Toplumları yarına taşıyacak, kalıcı kılacak değerlerin başında kültür gelmektedir. Bir kültürü kültür yapan en belirleyici özelliklerden biriyse o toplumun folklor değerleridir. Mutfağından, günlük davranışına, giyiminden müziğine, halk oyunlarından, fıkralarından, eğlencelerinden edebiyatına dek birçok unsuru içinde taşıyan folklorik değerler bir toplumu ötekilerden ayıran ya da benzeştiren ögelerdir. Bunları tanımak, kendini tanımakla eş değer sayılır.
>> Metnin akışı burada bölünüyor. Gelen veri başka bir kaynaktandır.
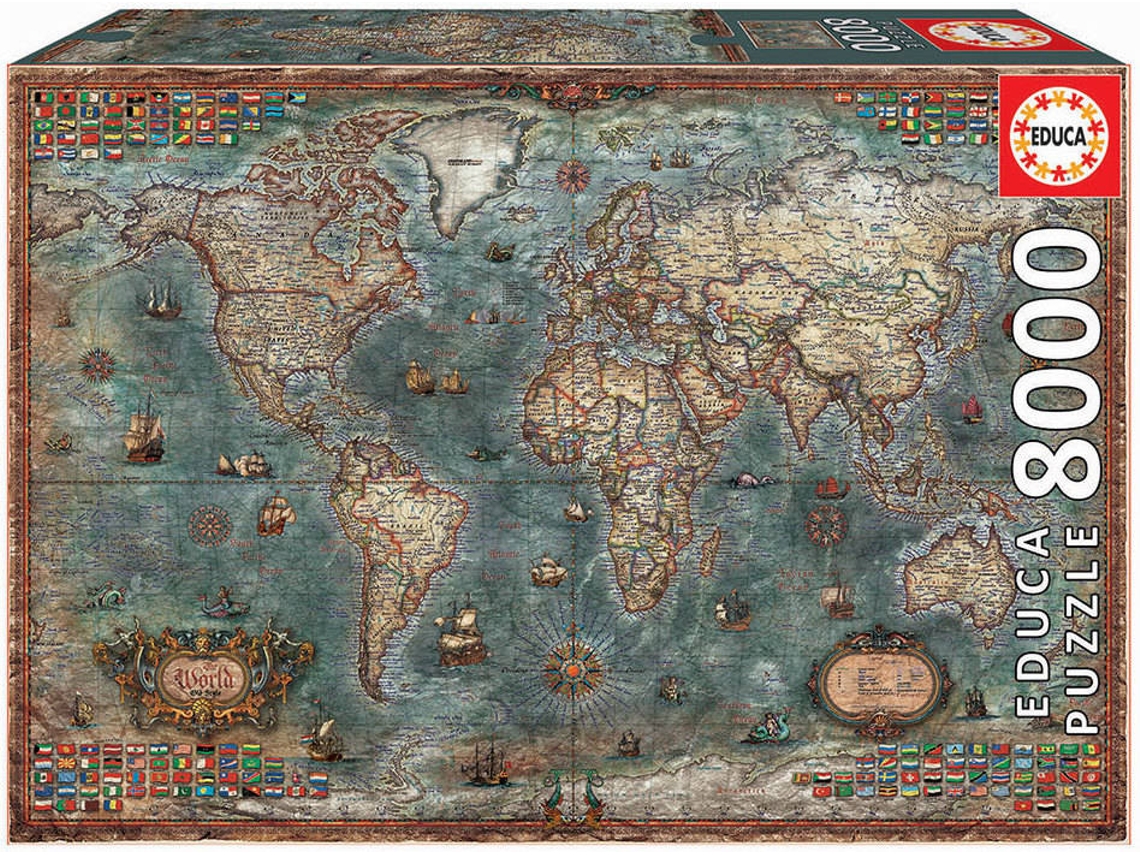 Puzzle EDUCA 8000 Mapa Histórico del Mundo (Edad Mínima: 12 Años - 8000 Piezas)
Bu ayrıntılar üzerine yeterince veri, yazı vs. bulmak mümkün. Ancak burada biraz daha özelleştirerek gündeme getireceğim konu halk edebiyatı ve müziğidir.
Tarihi, insanın varlığıyla aynı başlangıca götürülebilecek halk edebiyatı ve müziğini daha çok aşıklık geleneği özelinde incelemeyi amaçlamaktadır bu çalışma.
Dünyanın birçok toplumu ve bölgesinde benzer unsurlar yaklaşık benzer boyutlarda izlenebilse de, Doğu toplumlarında, özellikle de Kafkas ve Ortadoğu toplumlarında, (biraz da kapitalizmin gelişkinliğiyle doğru orantılı ve) daha yaygın olarak gündeme gelen aşıklık geleneği, bu toplumların yaşamlarında ve kültürel varlıklarında önemli bir yer tutmaktadır.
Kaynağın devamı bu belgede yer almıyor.